Reporter Ron Corben is in southern Thailand just two days after the brutal killing of two Thai marines by unidentified assailants. This was latest violence to hit the restive, predominantly Muslim region. VOA's Heda Bayron in Hong Kong started by asking him to describe the security situation on the ground.

CORBEN: While the situation here Friday appears to be quiet, people that we spoke to did say the situation remains very tense, especially after the killing of two Marines just two days ago.

Also this morning there was a report of a bombing in Narathiwat. The Minister to the Prime Minister's Office, speaking at a press conference this morning, said that the government was pursuing a dual track. One of economic development but also to emphasize the use of law enforcement. One of the things he did acknowledge was that the elements, even if he described them as a minority, have been very effective in creating what he called a terror campaign and that, he said, is "unacceptable for us as a nation".

As we drove past, many shops were closed; could have been because people were at Friday prayers, but there have been threats by the insurgents against people opening their stalls on Friday. The mosques that we passed were busy. There were many people going to Friday prayers.

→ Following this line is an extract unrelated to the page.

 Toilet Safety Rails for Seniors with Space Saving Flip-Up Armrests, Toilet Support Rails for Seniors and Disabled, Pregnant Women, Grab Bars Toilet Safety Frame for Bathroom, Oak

Security is tight across the region - there are a lot of roadblocks guarded by the military. It's estimated up to 20,000 soldiers have been based here to bring the situation under control.

BAYRON: Could you give us a background on the origins of this conflict?

CORBEN: The origins probably date back to about 100 years ago or so when Thailand took over three key areas of Malaysia.

It's gone through several phases where separatists against the Bangkok government have tried to fight for a separatist state or to be part of Malaysia.

It reached a quite bad period in the 1970s and 80s. But the government, through a process of negotiations was able to reach a settlement with the separatist groups.

Under new security arrangements, a certain degree of peace had been brought here through the 1990s.

The latest violence really blew up in January 2004 when there was an attack on an army depot. Since then, there's been something like more than 1,000 people have died in the latest insurgency and there are concerns that it could be ongoing for some time.